Mosely Gordanier: We can’t give too much information [because of safety concerns], but there are underground schools in those areas and they are participating, along with other local girls.

These families [in Taliban-controlled areas] are in extremely challenging situations. We can’t even post photos of the girls on our website. We had one case where two girls from a family living in a Taliban-controlled area heard about our program, because there was a small article done on us in a local paper. The girls traveled to Kabul, and they begged us to help them. Both of their parents are deaf and they desperately wanted an education, so of course we helped them because this was a family in great need and they were so brave to take the chance to come to Kabul and to continue their education.

Women & Girls: What type of aid does Food4School provide?

Mosely Gordanier: We provide families with between $60 and $120 per month, depending on the number of children, if the mother is widowed and what extenuating circumstances the family has. For example, we have a family that consists of just two orphans, and the older daughter is in school and also taking care of her little sister [so this family receives $120 per month].

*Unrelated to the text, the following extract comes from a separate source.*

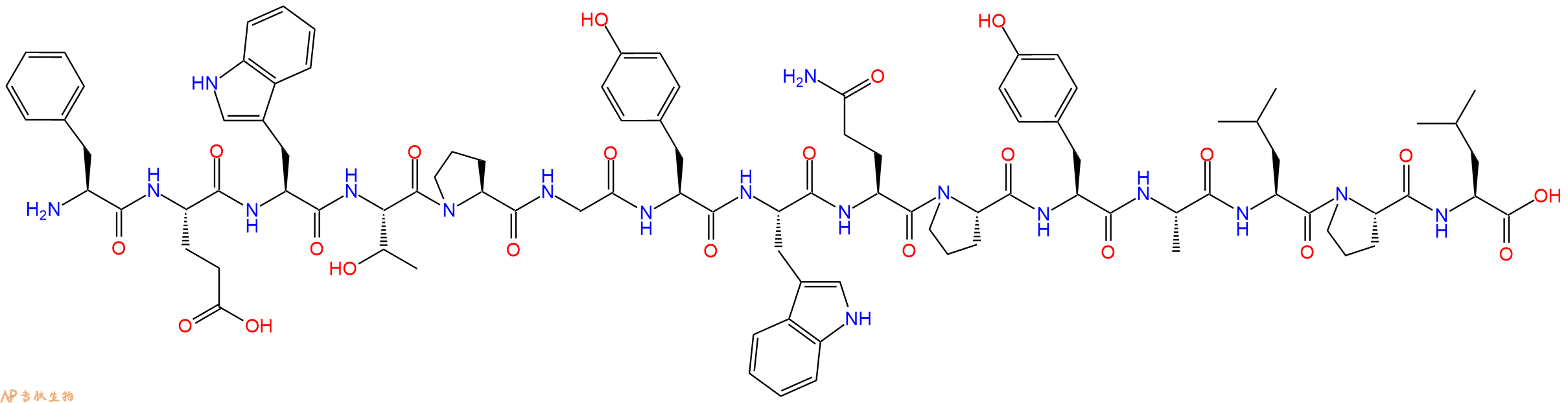 专肽生物产品H-Phe-Glu-Trp-Thr-Pro-Gly-Tyr-Trp-Gln-Pro-Tyr-Ala-171492-13-0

Out of all the families we have this year, there is only one father who is working, so that is a huge challenge. Unfortunately, most of the fathers we work with are addicted to opium and that makes them less than capable of working. Therefore, we never give [the fathers] money directly. When the money is delivered, it is given only to the women, and what I love is that it has been very empowering to them. We have been told by the women that the program has increased their self-esteem, they feel like a new person.

Normally when we give the women the funds they are able to go out and food shop for themselves, but we have one woman who was a widow and her family was very strict so she wore the burqa and could not go out [of the house]. So we brought her food every month and then after about three months she told us that she thought she was ready to go to the market by herself. After that, she stopped wearing the burqa and started going to other places alone, such as the bank.

We have discovered that when you give women power through funding, it makes a big difference.

Women & Girls: How sustainable is the Food4School program?

Mosely Gordanier: That is one of our biggest concerns. We have been encouraging the mothers of the families to get an education and start small businesses. These women are ingenious, and they are starting small companies and we are working to help and encourage them. These are very simple products, like fruit markets and weaving. So we are looking for different ways to make this sustainable and to figure out how we can continue to help these families as their children grow up.

Women & Girls: You started Food4School to decrease child marriage. Do you think the program can be translated to other parts of the world where child marriage is practiced?

Mosely Gordanier: This was our prototype program. We stepped into a place that was one of the harder areas to gain entrance and we felt that if we made progress here it would be easier to expand in areas where we have strong contacts, such as parts of Africa. I think it is a very simple process that makes it clear that if you feed a family and if they know that their child will be educated, they will want that to continue.

This conversation has been edited for length and clarity.